[Date Prev][Date Next][Thread Prev][Thread Next][Date Index][Thread Index]

Re: [Xen-users] Please help estimate number of the domUs



I have not personally seen a performance issue related to the number of VMs per LUN, but I have never tried 100 VMs per LUN. Certain SANs may implement the access queues in such a way to effectively cause 20 VMs to be a sweet spot like that article describes, but I suspect it would vary from one SAN to the next. Even though I have not run into that issue, it is very possible that article is correct. Especially in your case with 100 VMs, you may want to follow the advice in that article and split your VMs across several LUNs.

What ever you do, always leave extra room in each LUN for special operations (such as snapshots, migrations, etc). For example, any time you need to migrate storage with XCP/XenServer, you will need a lot of disk space available on both the target and source SRs to complete the task. The extra disk space will be allocated and used behind the scenes, but the operation will fail if there is not enough disk space available. If your VMs are each 30GB, make sure you plan to leave 30-60GB of additional free space in each LUN to make sure you have room for those operations.

On 1/16/2013 11:31 PM, Andrey wrote:
Thank you very much for the clear and detailed explanations. Many things became clear to me now. I really appreciate that.

As for the number of LUNs I've read http://blogs.citrix.com/2011/06/01/sizing-luns-a-citrix-perspective/
article where it's recommended to create separate LUN for each 20-30 VMs.

So for example for 100 VMs there can be 4 LUNs each stores 25 VMs. Initially we'll have one XCP host, so 3.6TB with the average size of the VM = 30GB there will be 5 LUNs/SRs each 720GB though it complicates managing VMs a little. Does it make sense for the performance?
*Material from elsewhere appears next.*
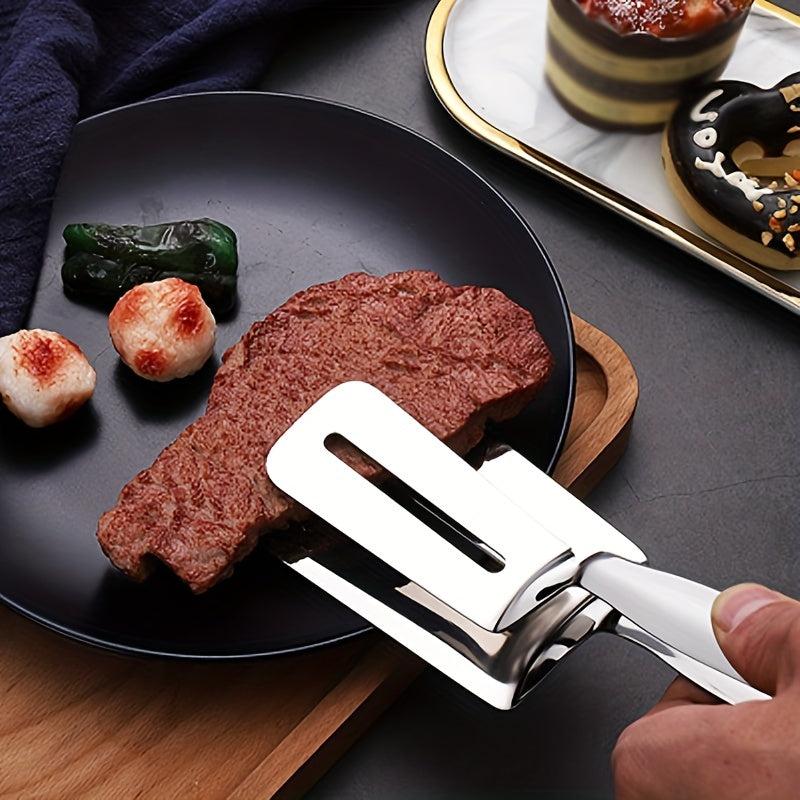 Stainless Steel Food Flip Steak Burger BBQ Meat Pizza Clip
17.01.2013 01:07, admin@xxxxxxxxxxx ÐÐÑÐÑ:
For web server VPS instances, I usually see real world performance trend
most closely with the 4k random 67% write 33% read tests.  The reason
those VPS instances tend to skew toward vastly more writes than reads is
the http log files. The most heavily access web pages are cached in
memory in the VPS, so there are fewer read operations hitting the SAN.
The logs still need to be written, though.  The log file are being
written in random bursts when there are lots of different sites, even
though the individual log files are sequential.  These results for your
SAN were 4915 to 6317 (depending on queue depth).  This is the upper end
of my initial guess for your SAN (my guess was 2000 to 5000). Based on
your benchmarks, your SAN can deliver about 5000 IOPS in the test that I
personally think most closely resembles the real world usage pattern for
a web server running in a VPS.

Note, the "4k random 67%read33%write" is actually mislabeled. It should
say "4k random 67% write 33% read".

The wild card is database access, especially if you hosting databases
for people with a variety of skill levels.  If the tables are well
designed and properly indexed, then there will be very little disk
access.  If the tables are poorly designed and not indexed properly,
there will be a lot of disk access.  I have seen some customer sites
that need hundreds of IOPS just to service a tiny amount of traffic due
to poor database design.  On the other hand, I have seen a well designed
(and very well indexed) DB that averages 40 IOPS while servicing
millions of queries per day.

The sequential IO tests are an excellent test for how fast you will be
able to copy large files, which is important when you are migrating a
VPS between multiple SAN targets.  Generally speaking, sequential access
performance is usually far less important than random access
performance.  Random IO is far more common than sequential.  And when
you run a bunch of VPS instances, even sequential IO becomes random IO
simply because of all of the VPS instances accessing different areas of
the storage volume.  So I tend to look more at the random performance.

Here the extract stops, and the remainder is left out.